Data entries
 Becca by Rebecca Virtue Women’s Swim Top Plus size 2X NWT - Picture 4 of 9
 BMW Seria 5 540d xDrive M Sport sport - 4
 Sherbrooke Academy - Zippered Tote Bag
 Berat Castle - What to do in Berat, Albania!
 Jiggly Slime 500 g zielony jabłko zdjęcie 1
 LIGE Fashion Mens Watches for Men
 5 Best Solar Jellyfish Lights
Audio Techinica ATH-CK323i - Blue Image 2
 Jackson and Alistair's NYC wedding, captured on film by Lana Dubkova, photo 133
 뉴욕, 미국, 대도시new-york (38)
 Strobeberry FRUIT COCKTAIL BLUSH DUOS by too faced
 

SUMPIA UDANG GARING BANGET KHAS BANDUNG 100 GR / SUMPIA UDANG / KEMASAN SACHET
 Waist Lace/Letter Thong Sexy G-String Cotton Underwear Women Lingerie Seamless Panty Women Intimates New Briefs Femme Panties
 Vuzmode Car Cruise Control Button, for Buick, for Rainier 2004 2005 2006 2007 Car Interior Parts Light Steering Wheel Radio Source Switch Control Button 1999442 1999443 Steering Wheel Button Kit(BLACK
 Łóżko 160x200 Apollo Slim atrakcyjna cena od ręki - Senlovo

## What is expected
Please set down each entry again, word for word.

## Output for this task
 Becca by Rebecca Virtue Women’s Swim Top Plus size 2X NWT - Picture 4 of 9
 BMW Seria 5 540d xDrive M Sport sport - 4
 Sherbrooke Academy - Zippered Tote Bag
 Berat Castle - What to do in Berat, Albania!
 Jiggly Slime 500 g zielony jabłko zdjęcie 1
 LIGE Fashion Mens Watches for Men
 5 Best Solar Jellyfish Lights
Audio Techinica ATH-CK323i - Blue Image 2
 Jackson and Alistair's NYC wedding, captured on film by Lana Dubkova, photo 133
 뉴욕, 미국, 대도시new-york (38)
 Strobeberry FRUIT COCKTAIL BLUSH DUOS by too faced
 

SUMPIA UDANG GARING BANGET KHAS BANDUNG 100 GR / SUMPIA UDANG / KEMASAN SACHET
 Waist Lace/Letter Thong Sexy G-String Cotton Underwear Women Lingerie Seamless Panty Women Intimates New Briefs Femme Panties
 Vuzmode Car Cruise Control Button, for Buick, for Rainier 2004 2005 2006 2007 Car Interior Parts Light Steering Wheel Radio Source Switch Control Button 1999442 1999443 Steering Wheel Button Kit(BLACK
 Łóżko 160x200 Apollo Slim atrakcyjna cena od ręki - Senlovo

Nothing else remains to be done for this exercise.